The labels on these bottles is “Saburomaru II The High Priestess.” While also available as a standard release, these are, as mentioned above, single cask versions of Saburomaru II. It’s important that it’s Saburomaru II rather than Saburomaru 0 (“The Fool”) or Saburomaru I (“The Magician”), because Saburomaru II was the first of the tarot series to be distilled on the above-mentioned Zemon stills. And the High Priestess? I’m absolutely not up on my tarot, so I’ll just offer you what Wikipedia says.
The modern interpretation of the High Priestess represents the unknown, mystery, intuition, spiritual knowledge, and the subconscious mind. She is an esoteric figure, unlike The Hierophant. Reversed, the High Priestess can be interpreted as secrecy and disconnection from your intuition.
Outside of visiting a distillery and pulling samples yourself, putting two nearly identical single casks head-to-head is a rare opportunity. Let’s dig in.
Reviews: Saburomaru II The High Priestess For Cask Share Owners 2019, Cask #19097 BT Barrel & Cask #19080 WFR Barrel
It’s important that these two single cask bottlings were distilled in 2019 rather than 2018. 2019 is the year those ZEMON stills were brought online. If you have a Saburomaru Distillery bottle that was distilled in 2018, while probably good, it doesn’t quite capture the modern essence of the distillery.
Before we start. I’ve actually reviewed these two whiskies once before, back when they were 2-year matured newborns. While I must have knocked back the #19097 Buffalo Trace Barrel newborn at some point, I still have a bit of the #19080 Woodford Reserve Barrel. Being able to compare 2-year maturity and 5-year maturity of the same single cask isn’t something we get to do often, so needless to say, I’m excited.
#19080 WFR Barrel
On the nose, this one brings orange marmalade, a slightly oily grape, some nutbread, with a feint, almost dry smoke. The palate is when we get to a nice balance of thick malt, but it’s not as peaty as you might expect. The medium-ish finish ends with a dry sweetness of licorice.
#19097 BT Barrel
Much sweeter on the nose than the WFR Barrel, with a candy bag of chocolate, coconut, and a woody vanilla butter.

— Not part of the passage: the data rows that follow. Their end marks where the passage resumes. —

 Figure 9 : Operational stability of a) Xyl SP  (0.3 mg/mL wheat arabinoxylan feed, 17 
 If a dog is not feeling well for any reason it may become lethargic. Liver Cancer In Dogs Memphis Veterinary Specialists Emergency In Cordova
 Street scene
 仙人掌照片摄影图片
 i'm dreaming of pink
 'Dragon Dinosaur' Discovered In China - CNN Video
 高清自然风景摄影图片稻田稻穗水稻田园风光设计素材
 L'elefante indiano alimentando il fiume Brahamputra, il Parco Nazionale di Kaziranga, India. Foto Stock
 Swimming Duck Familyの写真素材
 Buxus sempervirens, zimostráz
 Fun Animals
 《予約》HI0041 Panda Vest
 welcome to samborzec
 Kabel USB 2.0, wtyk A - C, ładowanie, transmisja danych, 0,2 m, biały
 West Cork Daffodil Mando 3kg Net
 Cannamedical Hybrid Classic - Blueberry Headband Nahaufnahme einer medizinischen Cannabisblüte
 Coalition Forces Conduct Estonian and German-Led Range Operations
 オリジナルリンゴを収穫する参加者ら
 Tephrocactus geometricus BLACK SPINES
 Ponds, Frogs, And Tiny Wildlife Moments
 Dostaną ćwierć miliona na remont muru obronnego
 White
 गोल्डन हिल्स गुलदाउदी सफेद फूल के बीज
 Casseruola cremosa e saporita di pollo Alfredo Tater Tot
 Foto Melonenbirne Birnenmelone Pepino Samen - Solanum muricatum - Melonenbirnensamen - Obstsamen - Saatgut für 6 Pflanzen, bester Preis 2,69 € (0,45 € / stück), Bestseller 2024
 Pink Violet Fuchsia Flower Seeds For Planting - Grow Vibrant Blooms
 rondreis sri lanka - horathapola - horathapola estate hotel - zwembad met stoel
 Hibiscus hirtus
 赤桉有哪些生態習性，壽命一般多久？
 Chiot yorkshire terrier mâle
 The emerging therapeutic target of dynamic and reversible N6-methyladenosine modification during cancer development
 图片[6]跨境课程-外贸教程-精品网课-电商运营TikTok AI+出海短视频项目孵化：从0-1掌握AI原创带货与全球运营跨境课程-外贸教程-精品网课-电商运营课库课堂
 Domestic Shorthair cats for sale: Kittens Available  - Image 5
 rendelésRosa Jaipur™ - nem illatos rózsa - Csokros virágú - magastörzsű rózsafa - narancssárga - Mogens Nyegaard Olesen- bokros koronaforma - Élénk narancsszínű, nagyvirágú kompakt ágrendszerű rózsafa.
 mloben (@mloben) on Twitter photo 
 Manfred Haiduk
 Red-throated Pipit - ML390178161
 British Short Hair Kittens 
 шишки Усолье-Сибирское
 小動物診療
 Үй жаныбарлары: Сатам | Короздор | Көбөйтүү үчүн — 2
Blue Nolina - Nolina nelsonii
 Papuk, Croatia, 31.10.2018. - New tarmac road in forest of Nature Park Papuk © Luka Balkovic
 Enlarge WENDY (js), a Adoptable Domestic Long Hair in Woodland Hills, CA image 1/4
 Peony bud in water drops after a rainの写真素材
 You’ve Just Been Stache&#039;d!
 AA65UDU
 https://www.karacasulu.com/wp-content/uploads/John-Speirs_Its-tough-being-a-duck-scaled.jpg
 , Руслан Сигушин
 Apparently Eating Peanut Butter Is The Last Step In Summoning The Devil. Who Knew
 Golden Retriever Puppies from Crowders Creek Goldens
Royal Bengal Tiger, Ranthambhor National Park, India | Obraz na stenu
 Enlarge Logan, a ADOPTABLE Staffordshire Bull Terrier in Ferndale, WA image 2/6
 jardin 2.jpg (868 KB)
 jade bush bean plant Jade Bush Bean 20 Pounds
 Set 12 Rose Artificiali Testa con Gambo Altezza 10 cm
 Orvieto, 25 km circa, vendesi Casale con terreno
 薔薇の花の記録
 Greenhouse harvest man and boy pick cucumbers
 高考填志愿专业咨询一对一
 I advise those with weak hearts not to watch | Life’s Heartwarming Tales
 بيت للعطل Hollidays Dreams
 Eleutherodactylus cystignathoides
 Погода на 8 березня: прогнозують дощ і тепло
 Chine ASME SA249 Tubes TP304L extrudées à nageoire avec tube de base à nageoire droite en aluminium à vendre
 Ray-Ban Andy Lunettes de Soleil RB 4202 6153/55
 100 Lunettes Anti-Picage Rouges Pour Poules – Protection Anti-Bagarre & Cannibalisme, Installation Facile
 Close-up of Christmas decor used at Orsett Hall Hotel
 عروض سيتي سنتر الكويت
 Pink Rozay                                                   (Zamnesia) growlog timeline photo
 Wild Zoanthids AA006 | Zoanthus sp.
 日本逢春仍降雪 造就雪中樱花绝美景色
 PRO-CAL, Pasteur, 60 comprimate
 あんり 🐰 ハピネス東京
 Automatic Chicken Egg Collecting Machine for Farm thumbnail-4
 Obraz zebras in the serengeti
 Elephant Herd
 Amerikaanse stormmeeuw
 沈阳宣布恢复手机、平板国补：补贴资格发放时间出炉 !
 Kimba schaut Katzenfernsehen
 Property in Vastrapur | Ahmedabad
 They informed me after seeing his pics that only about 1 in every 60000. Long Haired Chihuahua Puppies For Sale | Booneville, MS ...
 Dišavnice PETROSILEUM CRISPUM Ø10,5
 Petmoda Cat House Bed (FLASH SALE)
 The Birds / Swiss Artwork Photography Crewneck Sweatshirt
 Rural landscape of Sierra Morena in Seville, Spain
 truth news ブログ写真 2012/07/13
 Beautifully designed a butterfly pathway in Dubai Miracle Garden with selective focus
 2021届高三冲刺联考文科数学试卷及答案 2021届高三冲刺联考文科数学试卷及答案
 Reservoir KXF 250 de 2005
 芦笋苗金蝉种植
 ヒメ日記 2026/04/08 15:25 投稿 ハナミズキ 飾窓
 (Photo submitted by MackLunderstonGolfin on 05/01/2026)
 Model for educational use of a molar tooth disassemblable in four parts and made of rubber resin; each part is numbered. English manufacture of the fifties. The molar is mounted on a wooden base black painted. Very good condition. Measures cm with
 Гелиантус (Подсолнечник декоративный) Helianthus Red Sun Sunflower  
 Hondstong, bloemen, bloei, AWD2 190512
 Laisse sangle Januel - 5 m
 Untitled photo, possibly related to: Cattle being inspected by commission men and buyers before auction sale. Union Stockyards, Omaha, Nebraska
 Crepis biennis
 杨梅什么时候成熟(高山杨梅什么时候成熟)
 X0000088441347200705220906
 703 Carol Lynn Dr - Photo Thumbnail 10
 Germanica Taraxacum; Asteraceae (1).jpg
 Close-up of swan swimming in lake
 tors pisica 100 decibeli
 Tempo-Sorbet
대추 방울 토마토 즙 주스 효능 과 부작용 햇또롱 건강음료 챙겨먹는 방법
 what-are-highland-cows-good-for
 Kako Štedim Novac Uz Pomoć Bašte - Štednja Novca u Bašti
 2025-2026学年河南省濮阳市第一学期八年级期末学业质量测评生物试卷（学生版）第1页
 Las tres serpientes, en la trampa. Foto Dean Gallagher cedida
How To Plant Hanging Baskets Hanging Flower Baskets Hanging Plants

The palate here is very similar to WFR in its maltiness, but adds a tint of red cherries that dials down the peat a bit. That peat certainly makes a comeback on the long finish though.
Overall, while vanishingly rare, these are two great bottles that give you a chance to put two extremely similar single casks head-to-head. Don’t pass up the opportunity if you get one.
Hi there! I created and run nomunication.jp. I’ve lived in Tokyo since 2008, and I am a certified Shochu Kikisake-shi/Shochu Sommelier (焼酎唎酒師), Cocktail Professor (カクテル検定1級), and I hold Whisky Kentei Levels 3 and JW (ウイスキー検定3級・JW級). I also sit on the Executive Committees for the Tokyo Whisky & Spirits Competition and Japanese Whisky Day. Click here for more details about me and this site. Kampai!
I visited them last summer and did my own hand filled of the Empress as a 4yo.
Loved the visit and am over the moon with regards to the on site restaurant.
Absolutely! Great place and the restaurant was stellar.